This is, of course, not new: the Village Voice personals in the 1980s could be pretty specific. In his 1983 novel I've A Feeling We're Not in Kansas Anymore, author Ethan Mordden creates a character named Harvey Jonas, whose raucous public persona is -- he reveals -- a mask behind which he hides a deep loneliness, brought about by a keen understanding of the looks hierarchy.
"Everybody talks about power, but everyone wants beauty.  It's sad, because you can acquire power, but you can't acquire beauty. Do you know why everybody wants beauty?  Because beauty is the only thing in the world that isn't a lie."
What is new, and somewhat disturbing, is the way that technology has impacted the gay male social scene, and it is enough to make me glad to be out of the dating game.  Traditional matchmaking strategies, and -- to a certain extent -- even the bar scene have been largely supplanted by smart phone applications which enable men to -- by means of GPS -- locate potential mates in their immediate proximity, with only a photo and a handful of characteristics and preferences to differentiate themselves.

“We are an un-community. We have become a consumer product. We are the iGays. We have lost our souls. And we don’t even know it.”
- ANONYMOUS
What was once at least a perfunctory opportunity to get acquainted has now been reduced to a quick scan of acronyms and statistics.   One quickly learns you need to be "VGL" (very good looking) and "Masc." (figure it out) and be able to prove it to even get a reply to your hello. Exacting standards of age, ethnicity, body dimensions, quantity and placement of body hair all help weed out undesirables.  Intimacy becomes a transaction from which you can be excluded simply for not filling out the paperwork properly.

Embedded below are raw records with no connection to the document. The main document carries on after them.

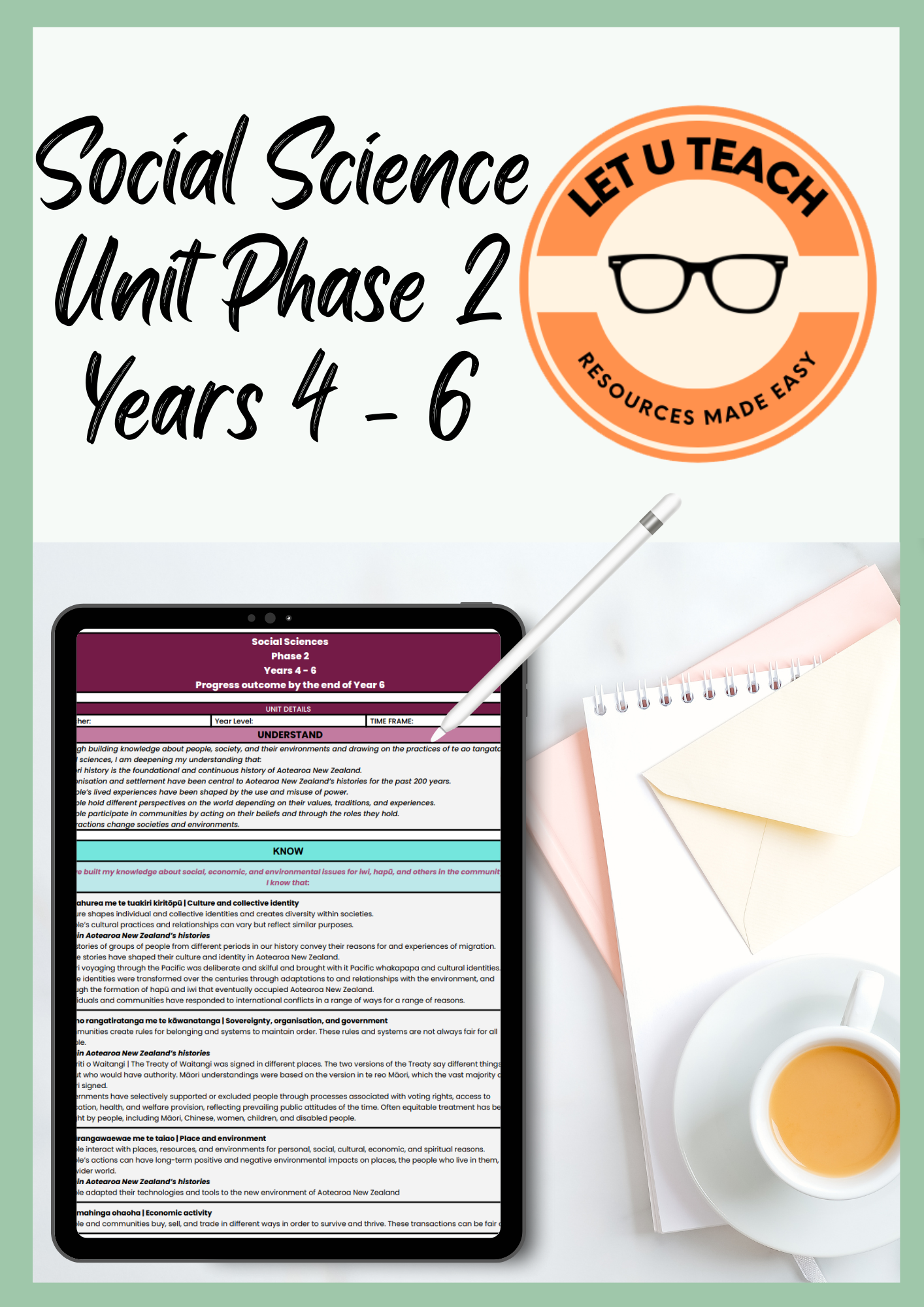 Social Sciences Unit Plan Phase 2 Years 4 - 6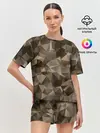 Женская пижама с шортами / СОВРЕМЕННЫЙ КАМУФЛЯЖ
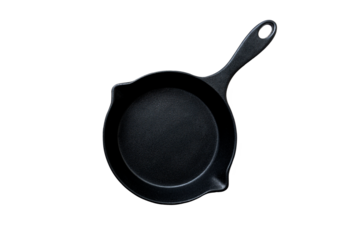 Black iron pan isolated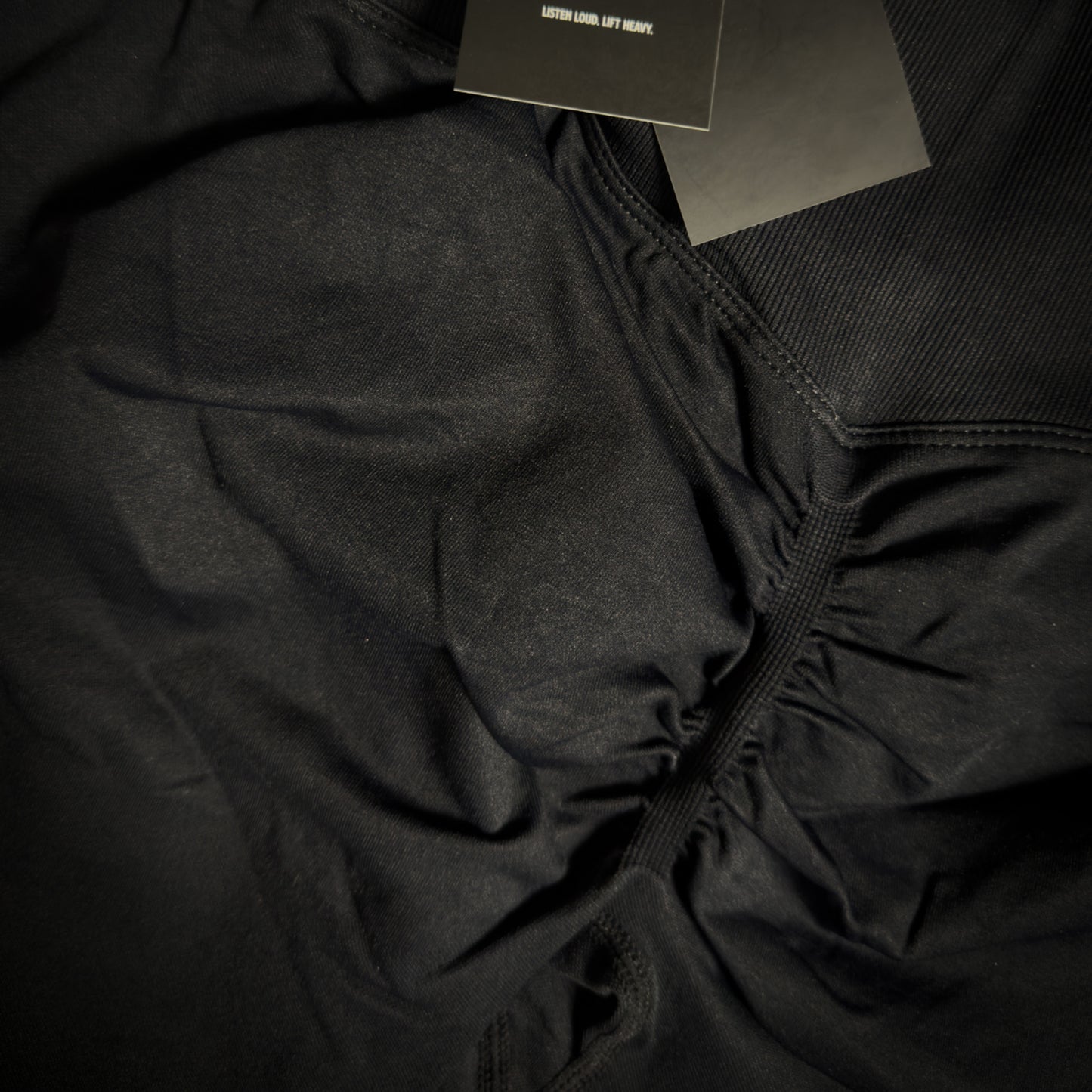 stay metl scrunch shorts — pink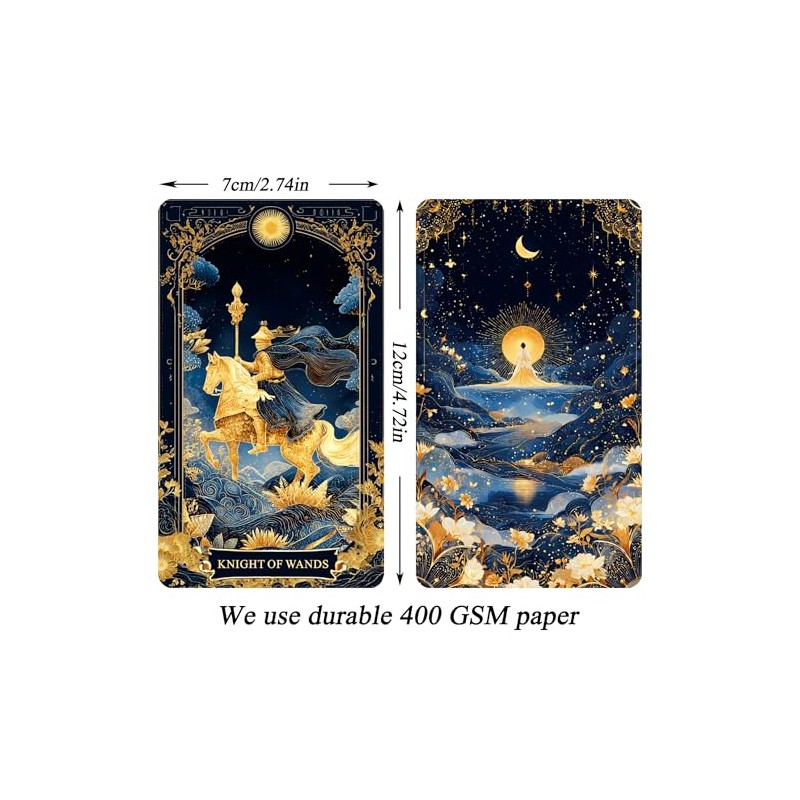 Celestial Tarot Deck, Unique Tarot Cards for Beginners with Blue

We do like convenience, however, and the popularity of these applications is evident by their prominence in media and culture.  A recent meningitis scare in New York was cited to be largely spread by contact with others met via smart phone "hookup".  They have also played a factor in the decline in the number and quality of places for gay men to meet in person and actually socialize.  And what men are still going out do so with phones in hand, in case Mr.-Right-Now isn't in this bar, but the one next door.

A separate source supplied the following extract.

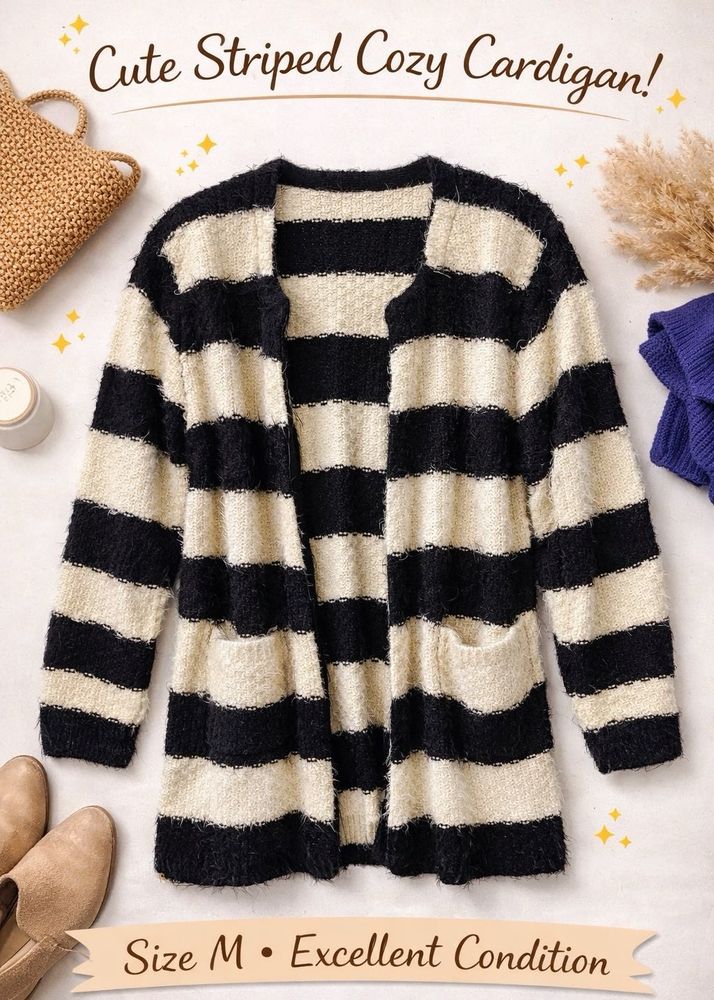 Striped Cozy Cardigan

Not everybody is happy about it. An Australian man who blogs anonymously writes:
"I came out in 1993, in Sydney, to a gay scene that was vibrant, colourful, out and proud. Here I sit not twenty years later, and the community has been decimated by the Internet. Completely, utterly decimated. As a whole, gays everywhere have become a sick group of animals who have completely lost their ability to interact on any authentic level, who have fearfully squashed themselves into simplified categories of drop-down boxes, and who banish entire groups of their own kind based purely on unwanted physical characteristics that do not fit the Gay-For-Pay Porn Model Image. We demand equal rights, but treat each other like sub-human animals, and worship the Straight Man as God-King."
For those of us mere mortals who don't get chased through the mall by modeling school reps, the odds are not good. Any endearing personal characteristics one might have -- a charming laugh, graceful conversation skills, a subtle or biting wit -- never get the chance to be experienced because the unseen panel of judges has already dismissed you on a technicality like the "wrong" eye color or the five extra pounds that came from binge-watching Orange is the New Black the same week that Starbucks brought back the pumpkin spice latte.  And even if you do actually get to meet in person, don't count on a second date.  "NSA" (no strings attached) is generally the intent.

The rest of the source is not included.